Diakui Menkumham setelah diteliti ada yang harus disempurnakan dari UU ITE itu. Tetapi ia menegaskan, bukan berarti kita hilangkan karena kalau kita hilangkan juga persoalannya bisa bubar lagi nanti, semua orang bisa pasar bebas, melakukan sesukanya di sosial media apalagi perkembangan terakhir sosial media dengan mudah digunakan untuk merusak karakter orang lain, karakter assassination, maupun hoaks dan lain lain.

 

Yang juga tidak kalah penting, menurut Menkumham, sudah diperlukan segera undang-undang amnesti dan abolisi supaya pedomannya menjadi lebih jelas.

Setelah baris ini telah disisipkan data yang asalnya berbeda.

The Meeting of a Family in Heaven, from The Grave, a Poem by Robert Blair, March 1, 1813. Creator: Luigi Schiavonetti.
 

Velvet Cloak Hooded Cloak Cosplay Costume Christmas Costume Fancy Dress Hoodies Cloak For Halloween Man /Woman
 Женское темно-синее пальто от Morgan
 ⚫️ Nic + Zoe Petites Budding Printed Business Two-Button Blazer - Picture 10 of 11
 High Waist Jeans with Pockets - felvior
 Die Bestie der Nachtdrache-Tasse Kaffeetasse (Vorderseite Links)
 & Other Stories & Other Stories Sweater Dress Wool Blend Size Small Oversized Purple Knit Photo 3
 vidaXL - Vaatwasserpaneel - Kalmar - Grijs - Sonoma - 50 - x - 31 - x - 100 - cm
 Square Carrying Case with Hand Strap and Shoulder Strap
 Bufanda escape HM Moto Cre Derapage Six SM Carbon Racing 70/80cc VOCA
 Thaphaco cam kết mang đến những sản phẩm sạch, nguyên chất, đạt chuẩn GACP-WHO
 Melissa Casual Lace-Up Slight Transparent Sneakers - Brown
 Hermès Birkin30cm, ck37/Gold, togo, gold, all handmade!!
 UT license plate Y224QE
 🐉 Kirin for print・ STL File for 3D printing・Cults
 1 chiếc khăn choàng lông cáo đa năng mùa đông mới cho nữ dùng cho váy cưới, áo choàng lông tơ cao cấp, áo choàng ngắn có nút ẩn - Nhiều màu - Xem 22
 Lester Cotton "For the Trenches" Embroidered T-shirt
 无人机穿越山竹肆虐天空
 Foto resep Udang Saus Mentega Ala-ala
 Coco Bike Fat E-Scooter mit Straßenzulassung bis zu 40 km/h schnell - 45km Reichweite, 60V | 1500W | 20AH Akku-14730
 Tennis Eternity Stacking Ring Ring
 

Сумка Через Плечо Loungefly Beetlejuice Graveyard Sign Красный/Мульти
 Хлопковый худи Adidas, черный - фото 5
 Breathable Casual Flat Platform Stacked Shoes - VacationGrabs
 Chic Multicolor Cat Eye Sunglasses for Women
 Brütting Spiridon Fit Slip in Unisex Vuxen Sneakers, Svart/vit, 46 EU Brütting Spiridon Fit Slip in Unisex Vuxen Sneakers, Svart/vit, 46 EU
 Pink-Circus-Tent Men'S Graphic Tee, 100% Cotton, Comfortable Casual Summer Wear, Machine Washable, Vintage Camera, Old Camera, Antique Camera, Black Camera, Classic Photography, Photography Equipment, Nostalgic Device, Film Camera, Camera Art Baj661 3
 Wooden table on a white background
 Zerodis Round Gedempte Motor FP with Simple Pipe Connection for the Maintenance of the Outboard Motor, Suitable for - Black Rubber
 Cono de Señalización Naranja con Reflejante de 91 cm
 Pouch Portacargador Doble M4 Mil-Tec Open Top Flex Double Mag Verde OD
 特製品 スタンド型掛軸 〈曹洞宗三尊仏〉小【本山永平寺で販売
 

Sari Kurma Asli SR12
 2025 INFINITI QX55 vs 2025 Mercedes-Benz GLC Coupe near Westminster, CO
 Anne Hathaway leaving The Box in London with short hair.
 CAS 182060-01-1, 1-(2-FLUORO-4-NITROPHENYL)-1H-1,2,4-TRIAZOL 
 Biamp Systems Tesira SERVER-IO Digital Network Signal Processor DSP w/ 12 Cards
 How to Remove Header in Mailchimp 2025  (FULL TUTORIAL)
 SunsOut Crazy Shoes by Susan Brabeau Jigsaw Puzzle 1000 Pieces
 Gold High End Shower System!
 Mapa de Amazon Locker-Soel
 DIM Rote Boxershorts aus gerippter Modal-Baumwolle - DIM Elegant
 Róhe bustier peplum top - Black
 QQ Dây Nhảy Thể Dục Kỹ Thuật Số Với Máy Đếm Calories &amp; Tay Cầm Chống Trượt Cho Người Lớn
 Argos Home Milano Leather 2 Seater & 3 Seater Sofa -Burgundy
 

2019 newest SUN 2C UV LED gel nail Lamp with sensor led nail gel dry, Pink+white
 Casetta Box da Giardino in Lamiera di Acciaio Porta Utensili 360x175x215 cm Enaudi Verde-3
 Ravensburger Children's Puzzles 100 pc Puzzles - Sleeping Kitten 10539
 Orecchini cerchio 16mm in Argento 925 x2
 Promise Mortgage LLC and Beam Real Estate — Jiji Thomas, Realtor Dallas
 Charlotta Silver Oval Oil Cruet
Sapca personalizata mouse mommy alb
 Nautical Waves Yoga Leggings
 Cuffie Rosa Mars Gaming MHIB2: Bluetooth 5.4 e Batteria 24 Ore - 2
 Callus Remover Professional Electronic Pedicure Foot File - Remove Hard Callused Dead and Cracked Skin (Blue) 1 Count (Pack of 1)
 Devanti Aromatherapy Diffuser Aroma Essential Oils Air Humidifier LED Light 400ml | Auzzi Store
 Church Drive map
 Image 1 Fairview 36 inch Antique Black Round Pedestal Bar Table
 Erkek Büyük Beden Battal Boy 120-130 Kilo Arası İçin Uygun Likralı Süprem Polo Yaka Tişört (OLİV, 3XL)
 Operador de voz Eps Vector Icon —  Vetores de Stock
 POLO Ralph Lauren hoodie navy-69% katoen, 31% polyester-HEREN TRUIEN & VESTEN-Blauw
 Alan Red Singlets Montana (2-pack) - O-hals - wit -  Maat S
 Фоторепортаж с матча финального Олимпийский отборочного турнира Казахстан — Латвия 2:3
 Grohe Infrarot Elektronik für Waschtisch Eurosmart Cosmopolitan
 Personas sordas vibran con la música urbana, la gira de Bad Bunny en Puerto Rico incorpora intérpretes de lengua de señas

Ia menjelaskan, pasca amandemen UUD 1945 Pasal 14 ayat 2 yang memberikan kewenangan kepada presiden untuk memberikan amnesti dan abolisi itu, undang-undangnya belum ada.

 

“Makanya itu harus kita buat supaya ke depannya menjadi jelas prosedur tata cara dan siapa saja yang berhak mengajukan amnesti dan abolisi,” jelas Yasonna.

 

Menkumham menampik kemungkinan hal itu masuk dalam Program Legislasi Nasional (Prolegnas) 2020, karena  rencana undang undang amnesti abolisi  masih dalam tahap studi naskah akademik, tidak mungkin pada tahun ini. “Tidak mungkin dalam periode ini karena DPR akan selesai pada September, tidak akan ngejar nanti akan kita bawa kepada periode selanjutnya,” ujarnya.

 

Demikian juga mengenai revisi UU ITE, menurut Menkumham, tidak mungkin dilakukan sekarang. Namun ia berjanji akan berbicara dengan menteri kementerian terkait supaya disiapkan naskahnya dulu. “Saya akan perintahkan kepala BPHN (Badan Pembinaan Hukum Nasional untuk mulai mengkaji ya,” pungkasnya.